The 50 states (4 of these being officially styled as Commonwealths), which are typically divided into counties and townships, and incorporated cities, towns, villages, and other types of municipalities, and other autonomous or subordinate public authorities and institutions. With the exception of the original 13, each state was admitted to the Union at a specific time by an act of the U.S. Congress.
The District of Columbia, which constitutes the city of Washington, the Capital of the United States. Although the District of Columbia is not a state and does not send Senators or voting Representatives to Congress, residents can vote in presidential elections and are represented in the Electoral College.
Indian reservations are given quasi-independent status. While every reservation is part of a state, and residents vote as residents of the state in which they reside and do pay federal taxes, the reservations are exempt from many state and local laws. The ambiguous nature of their status has both created opportunities (such as gambling in states that normally disallow it) and challenges (such as the unwillingness of some companies to open up shop in a territory where they are not certain what laws will apply to them).
Territories of the United States may be incorporated (part of the United States proper) or unincorporated (known variously as "possessions", "overseas territories" or "commonwealths") Territories may also be organized (with self-government explicitly granted by an Organic Act of the U.S. Congress) or unorganized (without such direct authorization of self-government). 31 of the current 50 states were organized incorporated territories before their admission to the Union. Since 1959, the United States has had only one incorporated territory (Palmyra Atoll), but maintains control of several unincorporated territories, both organized and unorganized.
The federal union, which constitutes the United States as a collective of the several states, and as it exercises exclusive jurisdiction over the military installations, and American embassies and consulates located in foreign countries; and until the District of Columbia Home Rule Act of 1973 had jurisdiction over the local affairs of the District of Columbia.
Such quasi-political divisions as conservation districts and school districts, which are usually just special, geographically designated subordinate public authorities.
Recognized bodies, such as homeowners associations, which fulfill government functions, and have since been bound by subsequent court decisions to certain restrictions normally applying to local governments. Political units and system of operation

Federal oversight of United States territory
Article IV, Section 3 of the U.S. Constitution defines the extent of the authority that the U.S. Congress exercises over the territory of the United States:
New States may be admitted by the Congress into this Union; but no new State shall be formed or erected within the Jurisdiction of any other State; nor any State be formed by the Junction of two or more States, or Parts of States, without the Consent of the Legislatures of the States concerned as well as of the Congress.
The Congress shall have Power to dispose of and make all needful Rules and Regulations respecting the Territory or other Property belonging to the United States; and nothing in this Constitution shall be so construed as to Prejudice any Claims of the United States, or of any particular State.
The power of Congress over territorial divisions that are not part of one of the states is exclusive and universal. Once the territory becomes a state of the Union, the state must consent to any changes pertaining to the jurisdiction of that state. This has been violated only once, when a rump legislature formed the State of West Virginia, seceding from Virginia, which itself had seceded from the United States in the months preceding the American Civil War.
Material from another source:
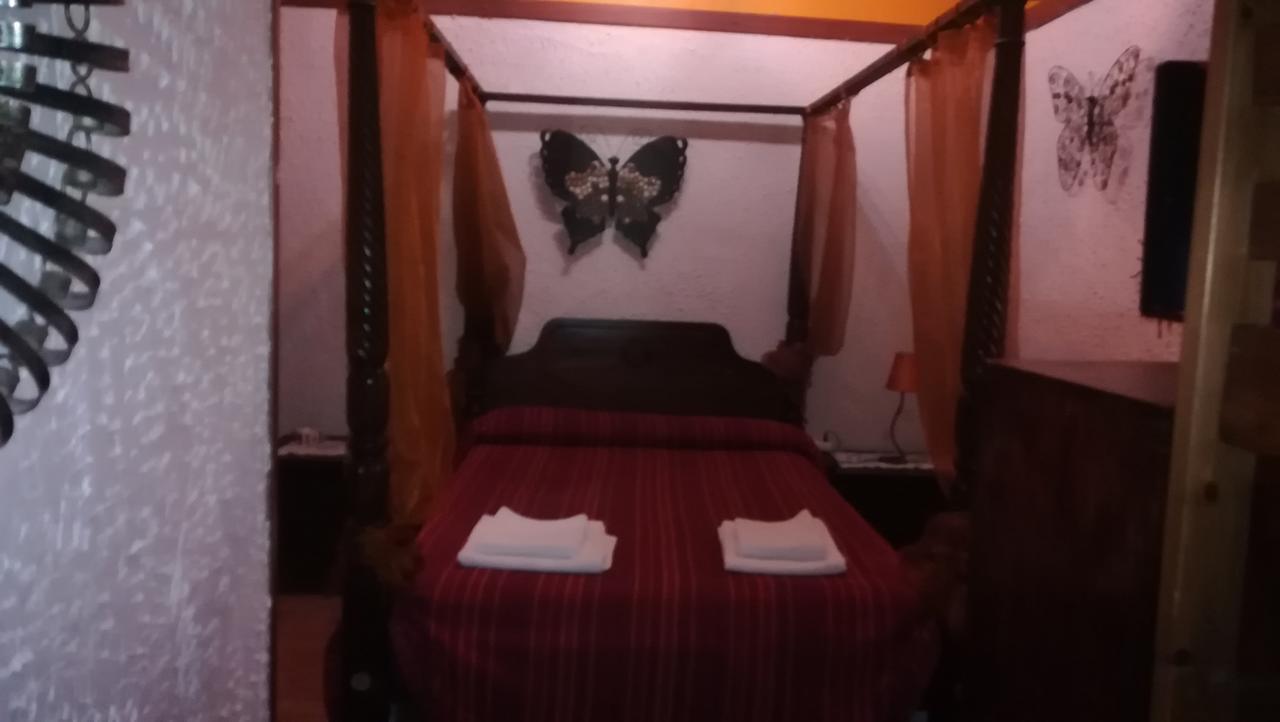Hostal Restaurante La Diligencia Cunit Ngoại thất bức ảnh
Congress of the United States
On March 3, 1849, the last day of the 30th Congress, a bill was passed to create the U.S. Department of the Interior to take charge of the internal affairs of United States territory. The Interior Department has a wide range of responsibilities (which include the regulation of territorial governments, the basic responsibilities for public lands, and other various duties).
In contrast to similarly named Departments in other countries, the United States Department of the Interior is not responsible for local government or for civil administration except in the cases of Indian reservations, through the Bureau of Indian Affairs (BIA), and island dependencies, through the Office of Insular Affairs (OIA).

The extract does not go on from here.